Try it. From the entries below, write out exactly the lines between the line holding "BioPerl: Developming Open Source Software" and the line holding "Personalized Wooden Watch", inclusive, excluding any pictures.

==== Materials provided

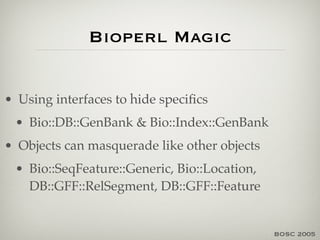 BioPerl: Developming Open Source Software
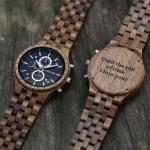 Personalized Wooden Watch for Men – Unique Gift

========
==== Materials provided

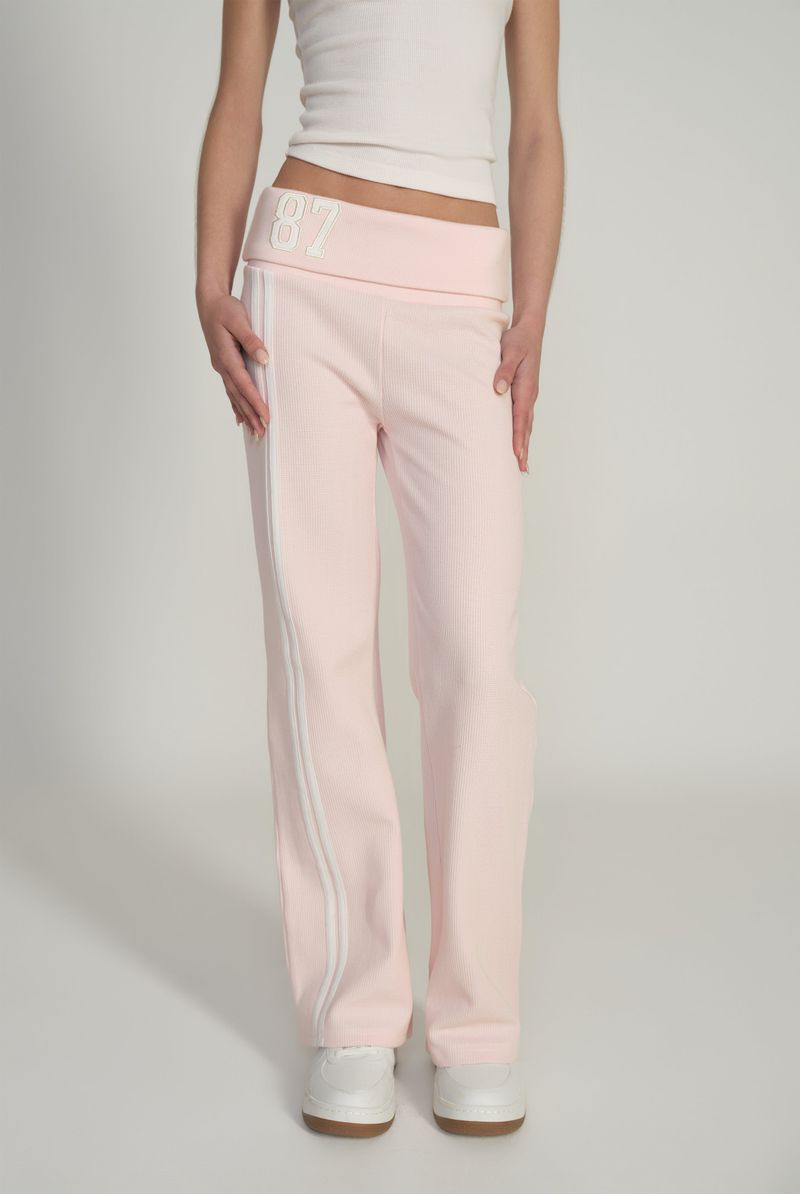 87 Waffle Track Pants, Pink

========
==== Materials provided

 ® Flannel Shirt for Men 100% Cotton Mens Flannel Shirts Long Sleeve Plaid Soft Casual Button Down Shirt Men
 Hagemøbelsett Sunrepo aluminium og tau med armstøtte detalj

========

Finished task.
 BioPerl: Developming Open Source Software
 Personalized Wooden Watch for Men – Unique Gift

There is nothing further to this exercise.